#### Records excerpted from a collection
╭──

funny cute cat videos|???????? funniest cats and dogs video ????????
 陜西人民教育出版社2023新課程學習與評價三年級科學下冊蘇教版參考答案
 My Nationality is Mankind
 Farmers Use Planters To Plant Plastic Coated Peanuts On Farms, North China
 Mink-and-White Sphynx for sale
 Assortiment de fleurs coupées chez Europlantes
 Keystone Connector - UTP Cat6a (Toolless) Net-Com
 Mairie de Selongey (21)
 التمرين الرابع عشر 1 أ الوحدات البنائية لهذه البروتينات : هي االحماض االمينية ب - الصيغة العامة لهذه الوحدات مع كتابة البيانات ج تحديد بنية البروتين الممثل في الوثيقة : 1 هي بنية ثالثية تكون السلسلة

╰──

#### Work instruction
Only the lines from the one containing "Mairie de Selongey (21)" through the last line above belong in your answer. Retype them exactly.

#### Answer for the task
 Mairie de Selongey (21)
 التمرين الرابع عشر 1 أ الوحدات البنائية لهذه البروتينات : هي االحماض االمينية ب - الصيغة العامة لهذه الوحدات مع كتابة البيانات ج تحديد بنية البروتين الممثل في الوثيقة : 1 هي بنية ثالثية تكون السلسلة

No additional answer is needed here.